Task objective:
Using the line with "Фургон посеред затопленого" as your starting point, transcribe it and each line beneath it word for word until the records run out, without pictures.

[Captioned web image data]
== Segment start ==

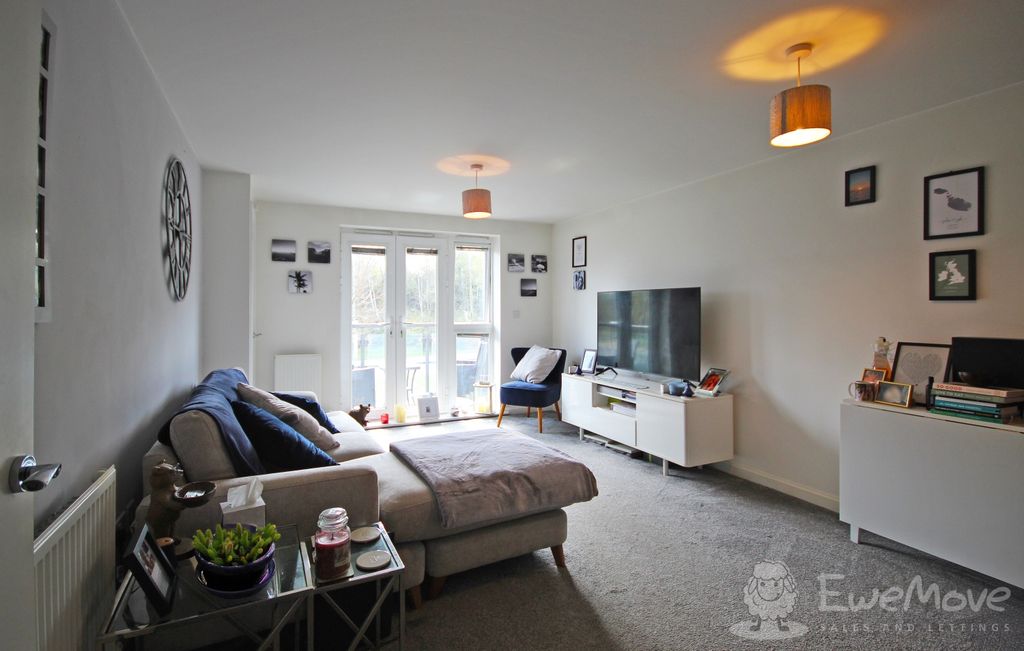 Property photo 2 of 8 Open Plan 2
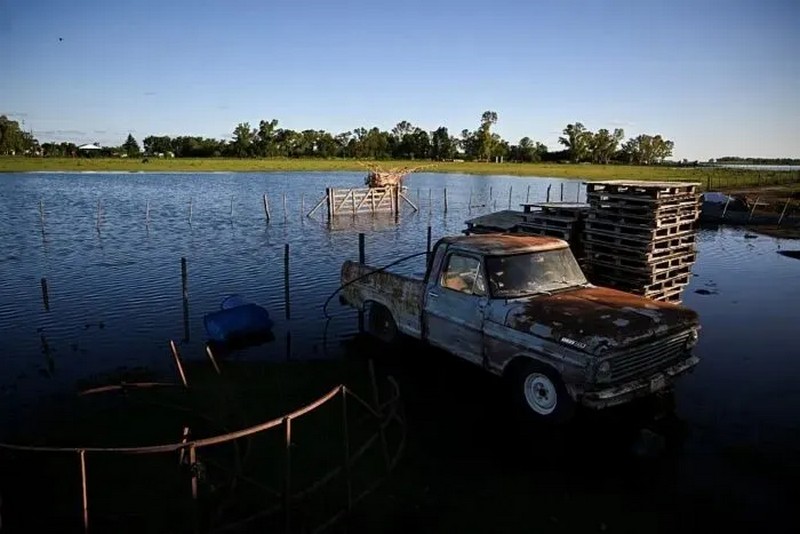Фургон посеред затопленого дощем поля в провінції Буенос-Айрес, Аргентина, 5 листопада 2025 року. (Luis Robayo/AFP via Getty Images)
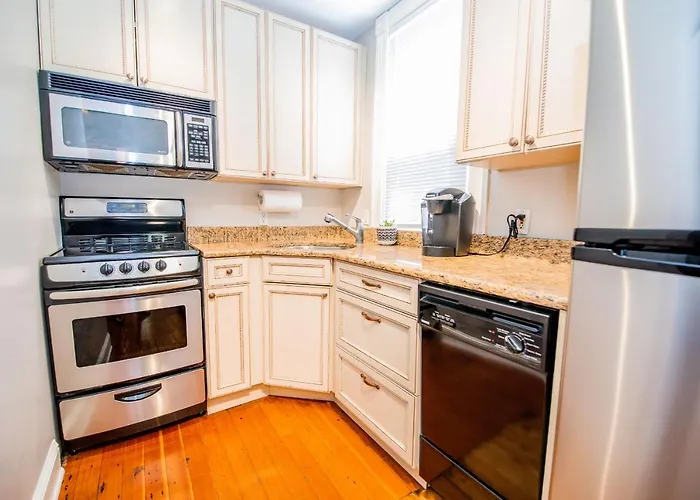 Downtown Annapolis King George 1St Floor Hideaway
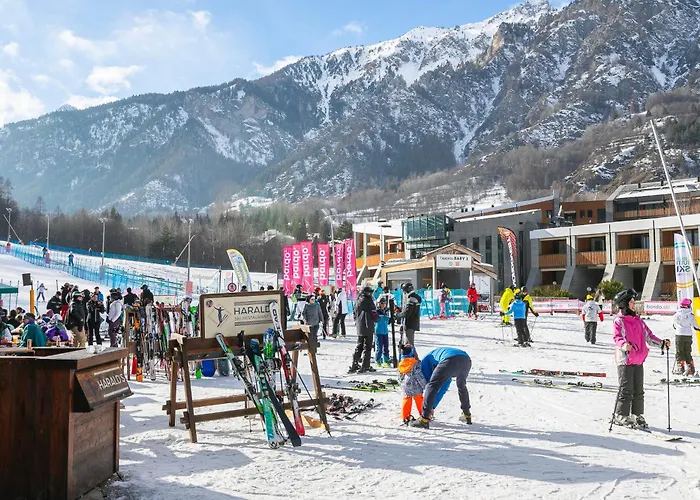 Le Meuble Between Center & Skiing - Happy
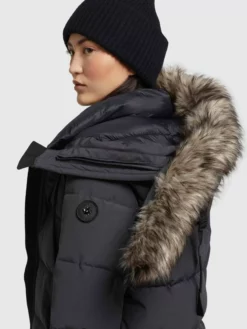 Khujo Pitkä Talvitakki -Khujo Myyntikauppa dbafb3daa4ef3746d0df594ee5610b65 scaled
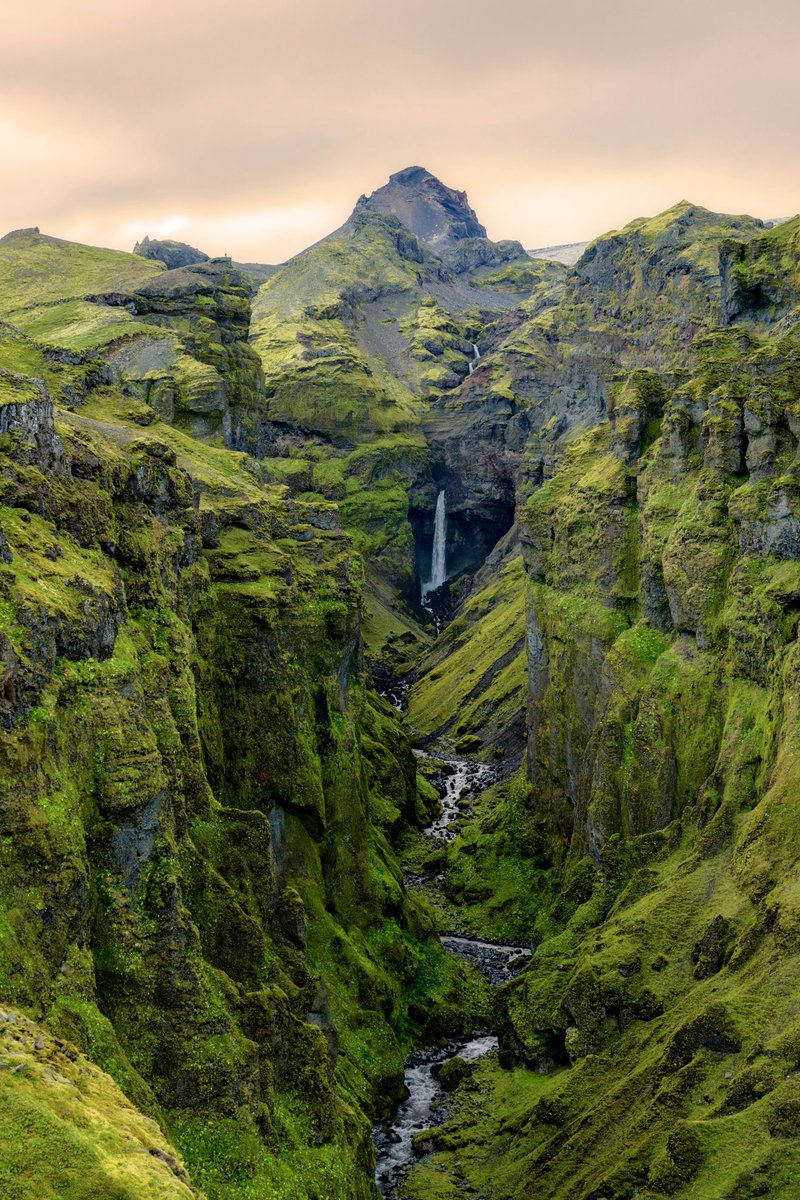 Chlouk's tweet image. Iceland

== Segment end ==

Written solution:
Фургон посеред затопленого дощем поля в провінції Буенос-Айрес, Аргентина, 5 листопада 2025 року. (Luis Robayo/AFP via Getty Images)
 Downtown Annapolis King George 1St Floor Hideaway
 Le Meuble Between Center & Skiing - Happy
 Khujo Pitkä Talvitakki -Khujo Myyntikauppa dbafb3daa4ef3746d0df594ee5610b65 scaled
 Chlouk's tweet image. Iceland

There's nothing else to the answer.